Dr. Brian L. Evans is the Engineering Foundation Professor of Electrical and Computer Engineering at The University of Texas at Austin.
He earned his B.S.E.E.C.S. (1987) degree from the Rose-Hulman Institute of Technology, and his M.S.E.E. (1988) and Ph.D.E.E. (1993) degrees from the Georgia Institute of Technology. From 1993 to 1996, he was a post-doctoral researcher at the University of California, Berkeley. In 1996, he joined the faculty at UT Austin.
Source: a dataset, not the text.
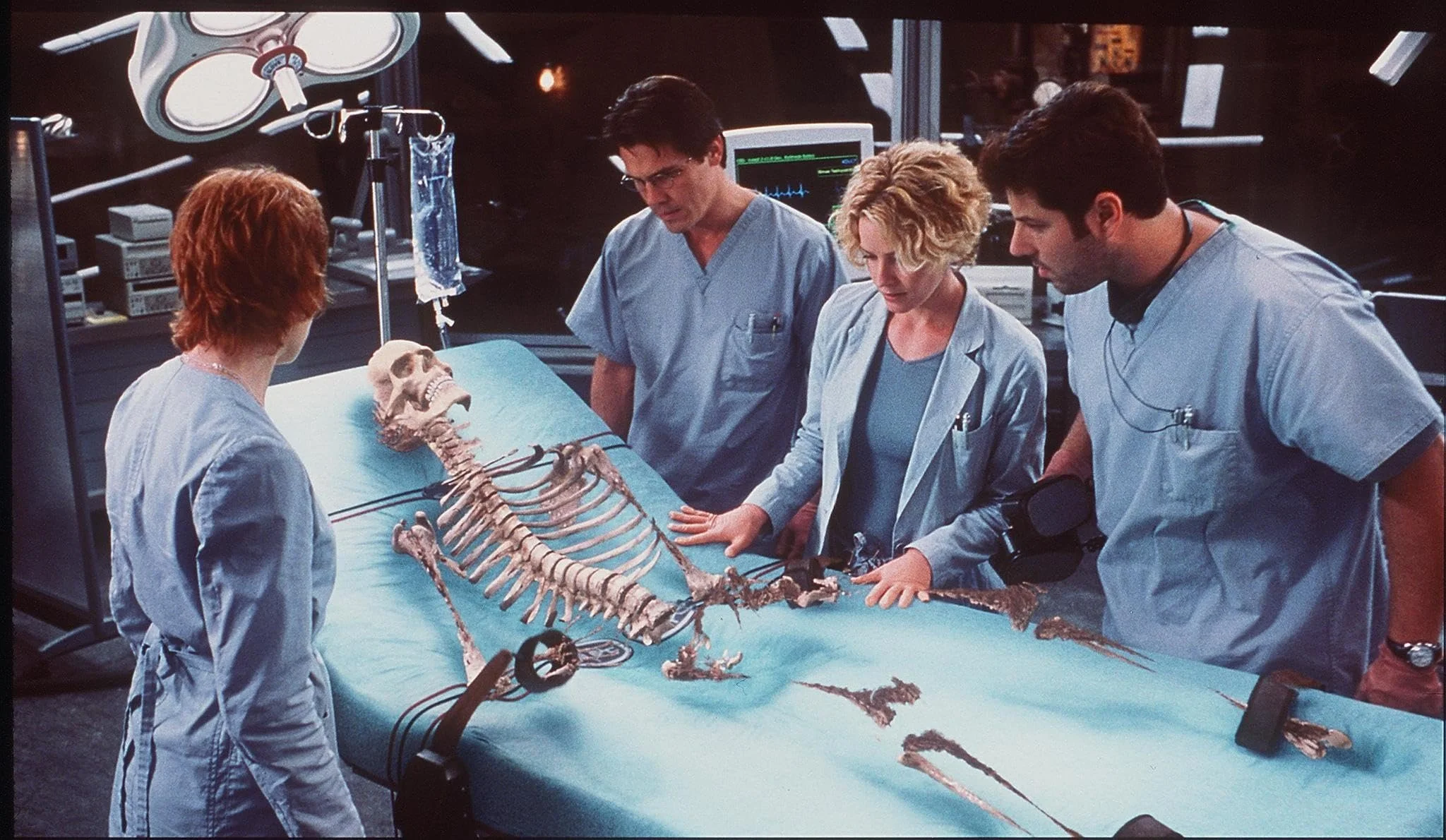 kim-dickens-josh-brolin-elizabeth-shue-greg-grunberg-in-hollow-man.jpg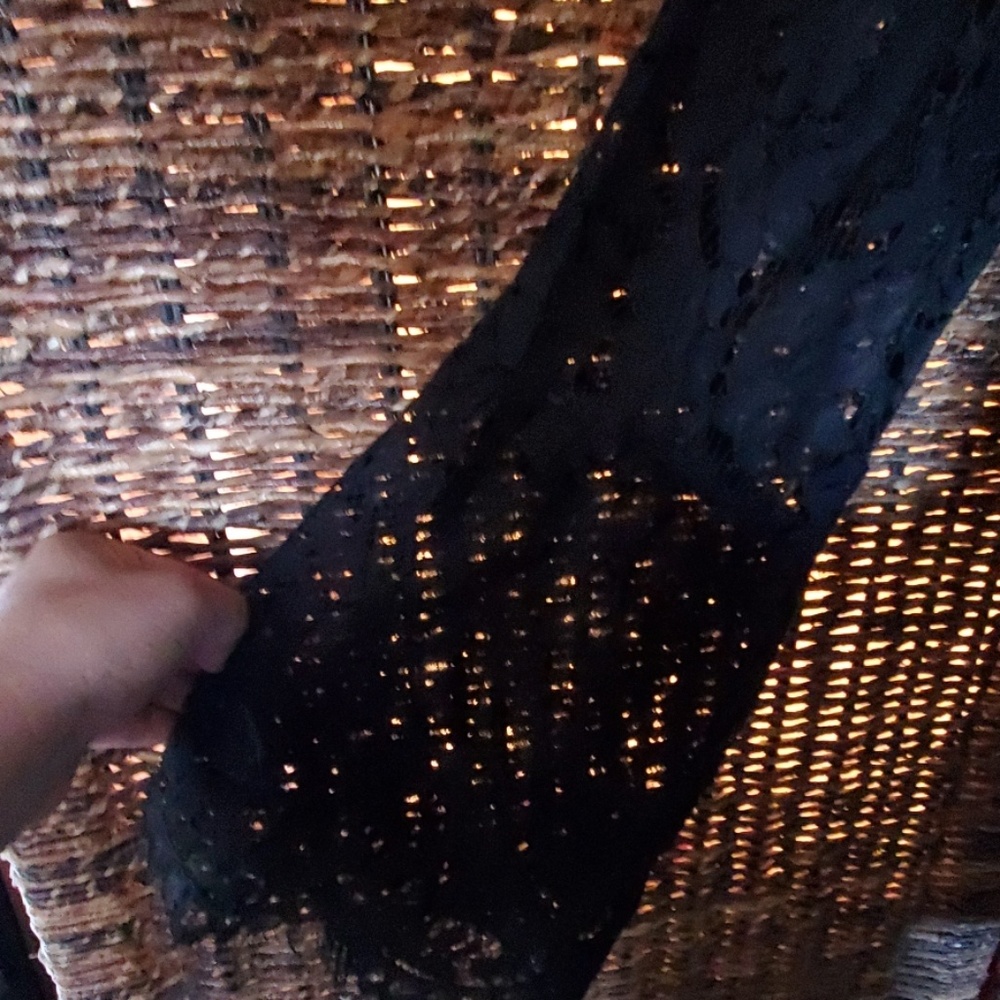 Lace - Picture 3 of 5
His research and teaching interests are in the processing of signals to increase connection speeds and reliability in communication systems and improve visual quality of video and still images. More specifically, his research group develops signal processing theory and algorithms with implementation constraints in mind, and translates algorithms into design methods and embedded prototypes. His research group also develops and deploys full system testbeds to test out their research ideas. His current research efforts include wireless interference mitigation, cloud radio access networks, smart grid communications, smart phone video acquisition and system-level electronic design automation.
Prof. Evans was elevated to IEEE Fellow "for contributions to multicarrier communications and image display". In multicarrier communications, his group developed the first linear complexity algorithm that allocates resources to optimize bit rates in multiuser OFDM systems (for cellular and WiMax) and is realizable in fixed-point hardware/software. His group also developed the first ADSL equalizer training method that maximizes a measure of bit rate and is realizable in real-time fixed-point software. In image display, his group's primary contribution is in the design, analysis, and quality assessment of image halftoning by error diffusion for real-time processing by printer pipelines.
Prof. Evans has published more than 200 refereed conference and journal papers, and graduated 24 PhD and 9 MS students. In 2008, he was awarded the Gordon T. Lepley Memorial Teaching Award, which is the sole ECE teaching award for faculty. In 2011, he was awarded the university-wide Texas Exes Teaching Award. He received a 1997 US National Science Foundation CAREER Award.